You would think it would make a great site. Guess the bankers didn't want to hassle with communications tenants.

There are amateur radio repeaters at the top of the tower, however they are under the copper roof rather than on the spire supposedly because building management didn't want it to look like all the other tallest structures in a given area.

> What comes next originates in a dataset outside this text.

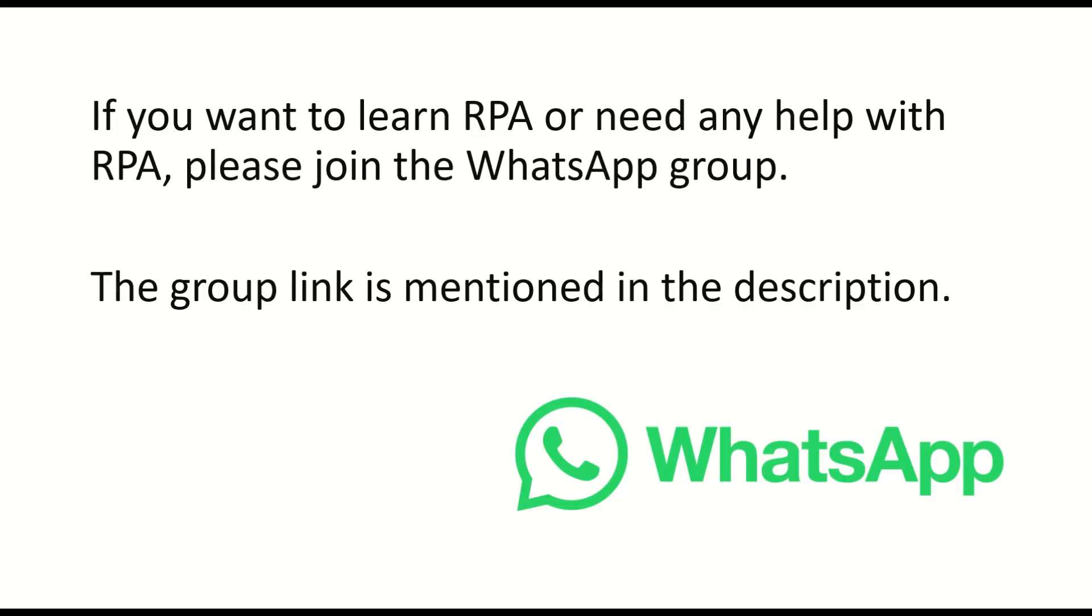If you are new to my channel, please subscribe to the channel and hit the bell icon to get first notification to you. I have already created RPA related videos in my YouTube channel. Please go through all YouTube videos and get the knowledge. Happy learning. Go be great.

This less-than-optimal placement has caused significant issues for the HAM operators using that site.
 
Yesterday the FCC approved Cox's application to move WSBB-FM 95.5 to the WSB-FM site. It will operate with 100KW with a directional null toward Rome GA area to protect 95.7 licensed to Trion, GA and a very slight null off to the southwest to protect 95.3 at West Point, GA. A station at Anniston, AL on 95.5 will be moving to 95.3 to accommodate WSBB-FM. The application was filed in 2006 but had been on hold at the FCC until the FCC recently did away with the cross-ownership newspaper-radio-TV policy which prevented any radio stations owned by Cox, other than WSB-FM and WSB(AM), which were grandfathered, to provide 100% coverage of the city of Atlanta, where the Atlanta Journal Constitution is published. Moving WSBB-FM transmitter to midtown Atlanta will now give News Talk WSB full market FM primary coverage. This will be the second transmitter site move for one of Cox's FM stations. Just recently, WALR recently moved to a shorter tower at the Douglas/Carroll County line to maintain its 100KW power.

At lunchtime, I was driving in the Lilburn/Lawrenceville area. The WALR signal is certainly quite listenable on a car radio, but it has some holes around there.